Ahora, los ciudadanos tratan de decidir cómo gobernar sus propios asuntos y fortalecer su poder militar, ya que Khadafy gobierna aún la otra mitad del país. Todo empezó allí como una serie de pequeñas manifestaciones de protesta debido al encarcelamiento de un abogado defensor de derechos humanos y luego, en una semana de batallas cada vez más sangrientas, los residentes de la segunda ciudad más grande de Libia, Benghazi, se encontraron de repente a cargo del gobierno. Sólo unos días después de la retirada de las fuerzas leales al régimen, la ciudad luce ordenada, con los comercios abiertos y un nuevo gobierno local emergiendo en la misma ciudad en la que cualquier forma de organización social era despiadadamente reprimida.

"No planeábamos una revolución; se dio de repente", dijo Fathi Turbel, el abogado de 39 años cuyo encarcelamiento disparó las protestas. "La gente no alcanza a imaginar cómo es posible que todo haya ocurrido con tanta rapidez." Siguiendo el ejemplo de sus vecinos egipcios, los libios formaron comités populares para garantizar la seguridad básica y hablaron con académicos, abogados y expertos locales para decidir cómo organizar el gobierno que heredaron. El resultado fue un consejo municipal de 15 miembros, integrado por figuras prominentes, entre ellas, Turbel.

Las concentraciones aún surgen regularmente, mientras los residentes celebran su largamente negado derecho a reunirse en una plaza y entonar eslóganes. Por una ley de 1973, era ilegal que se reunieran cuatro o más personas, debido al miedo de Khadafy a las conspiraciones, y cualquier clase de organización civil era aplastada. Ahora, dijo Turbel, todos deben aprender a trabajar juntos. Dentro del juzgado reina un torbellino de actividad, mientras jóvenes, hombres y mujeres van de acá para allá con el afán de armar una nueva estructura municipal.

"No tenemos ninguna experiencia en esto, así que recurrimos a la ayuda de gente que sabe más que nosotros. Hasta ahora, la cosa funciona", dijo Atif el-Hasiya, un ingeniero que trabaja para el nuevo gobierno.

Afuera, las evidencias respaldan sus palabras optimistas. Los únicos embotellamientos se producen cuando la gente baja la velocidad para mirar los símbolos quemados del viejo régimen. Los nuevos carteles colocados en toda la ciudad dicen: "Sí a la apertura de panaderías, farmacias, comercios y sí a seguir con la vida normal en Benghazi".

El sonido de los disparos, sin embargo, habituales porque alguien dispara su rifle como celebración, todavía interrumpe el silencio de la noche. Los funcionarios admiten que es prioritario recuperar las numerosas armas que cayeron en manos de la gente después del caos. Y también reconocen que, hasta el momento, no se han planeado acciones contra el gobierno central. En cambio, esperan la deserción del resto de las fuerzas de Khadafy.
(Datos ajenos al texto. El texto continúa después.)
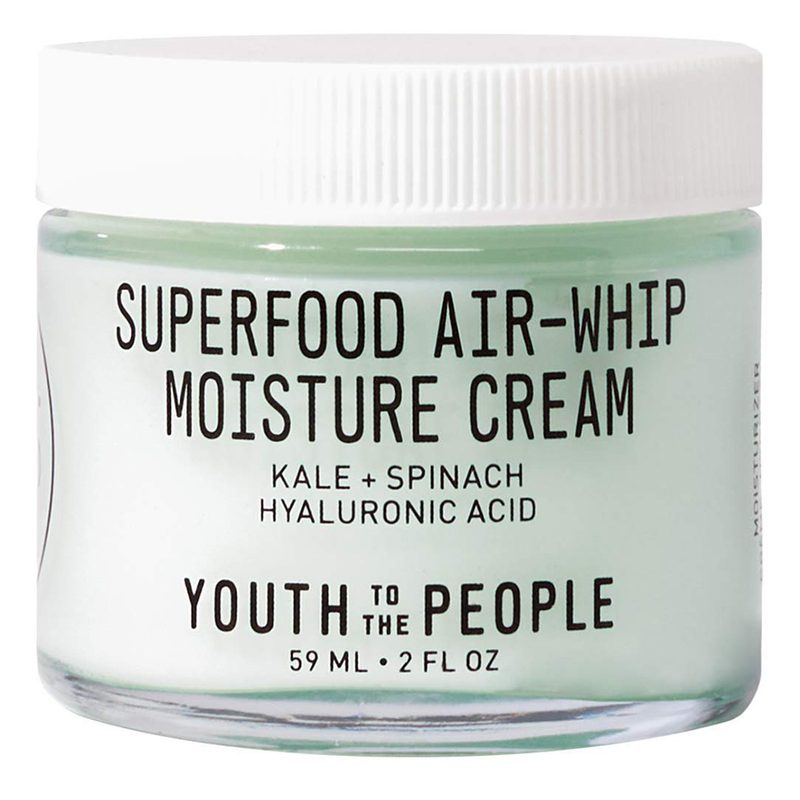 A jar of Youth to the People Superfood Air-Whip Moisture Cream on white background.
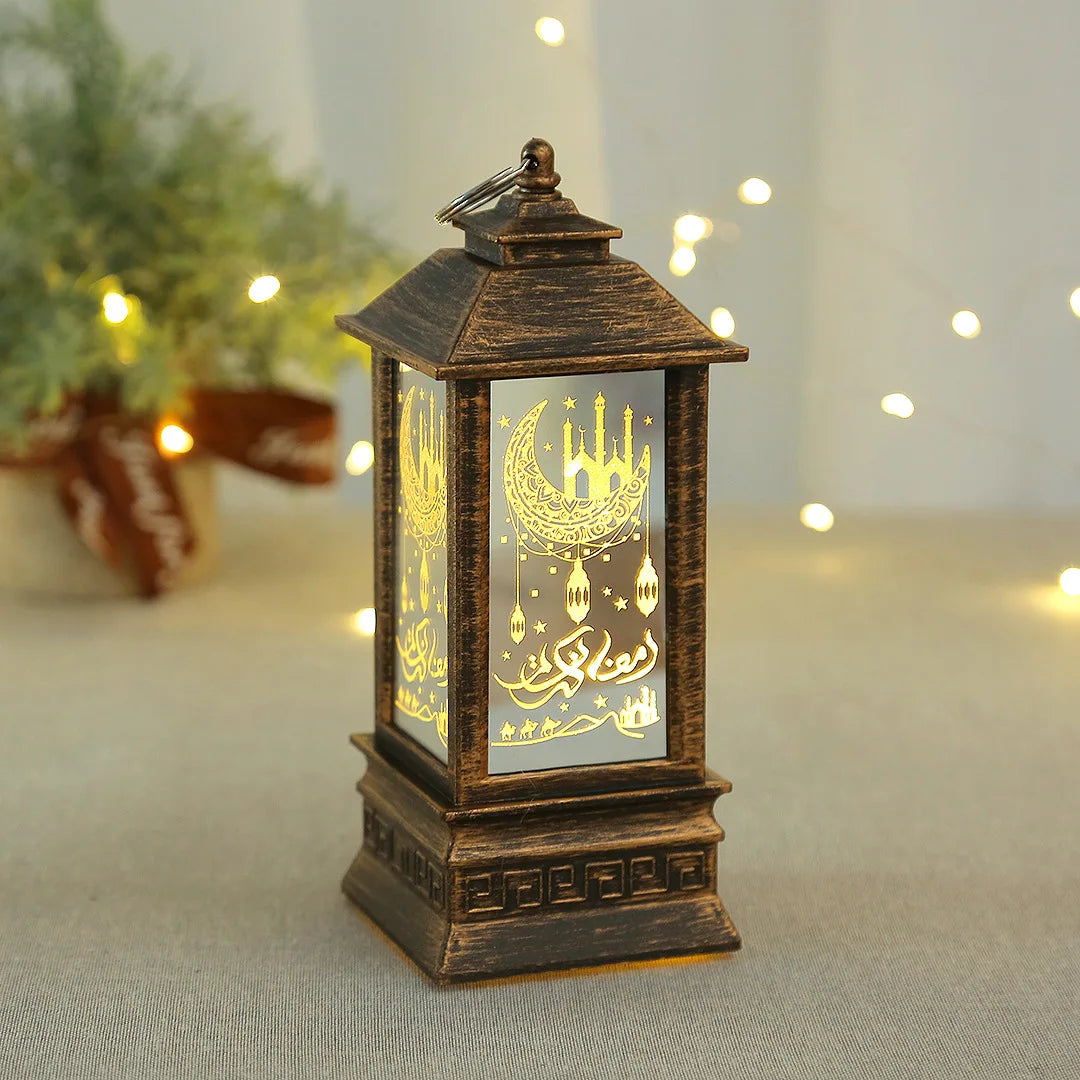 EID Mubarak LED Wind Lights Ramadan Decoration for Islamic Muslim Home Festival Party Decor Ramadan Kareem Eid Al Adha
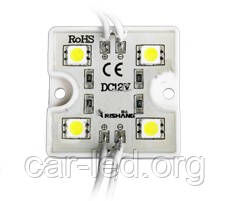 Светодиодный модуль, 0,96W Белый White(60Lm) (6000K) SMD5050 LED (4 LED) IP65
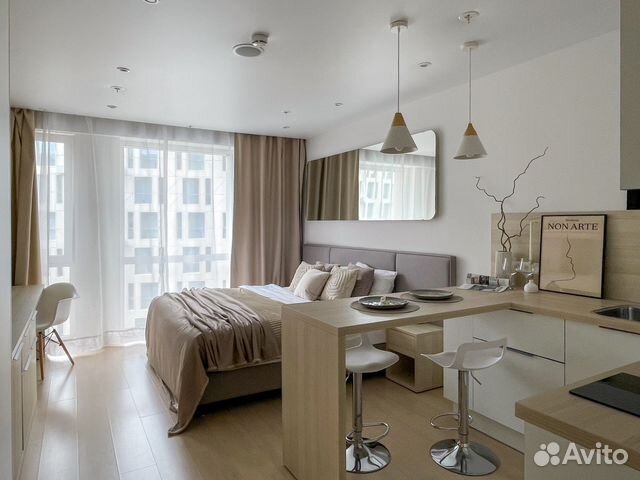 

Квартира-студия, 30 м², 1 кровать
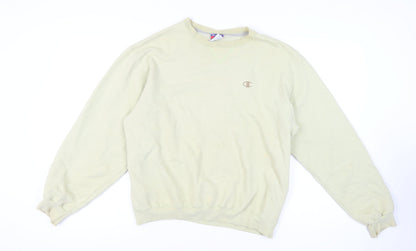 Champion Unisex Ivory Pullover Sweatshirt Size M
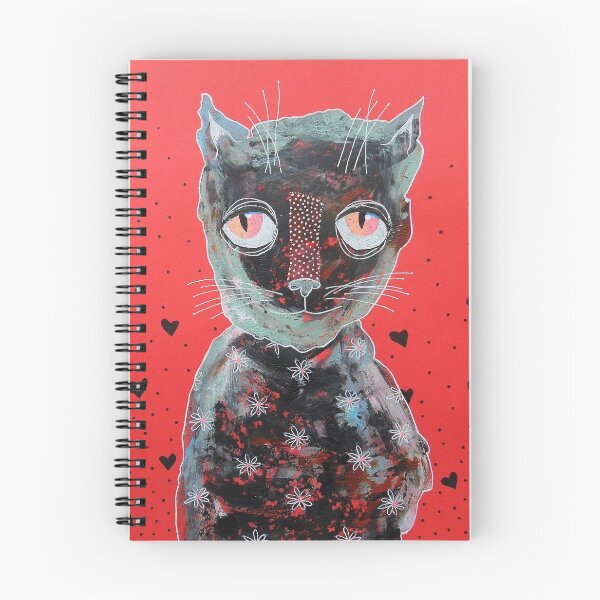 Item preview, Big Eyed Cat designed and sold by BeaOutsiderArt.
"Esperamos un golpe de Estado que surja de la gente que lo rodea", reconoció Abu Ahmed, un veterano activista involucrado en la organización del nuevo gobierno. Sin embargo, señaló que el ejército libio ni siquiera era muy poderoso cuando estaba unido.

"Khadafy les fue quitando capacidad. Las únicas tropas capaces eran las fuerzas de seguridad del propio Khadafy", dijo, y explicó que el líder temía a los golpes militares.

 

Actuar con paranoia

Por ahora, las tropas que han desertado dicen que están en contacto con sus colegas de la mitad oeste del país, porque intentan convencerlos de que sigan su propio ejemplo.

Incluso en medio de la euforia producida por la liberación de la ciudad, proliferan los rumores de un inminente bombardeo aéreo, ataques navales o la reaparición de los temidos mercenarios africanos de Khadafy, que, según los residentes, fueron los principales combatientes.

"No estamos paranoicos, sino que vivimos una situación real en la que debemos sentir paranoia y actuar de manera paranoica para poder protegernos", dijo Ahmed. "Sabemos que este sitio está infiltrado por el régimen", añadió. Mientras Turbel explicaba su visión de la transformación de Libia en un Estado democrático basado en una Constitución, un asistente entró en la oficina y le susurró al oído que habían atrapado a un agente de Khadafy que estaba afuera, espiándolos.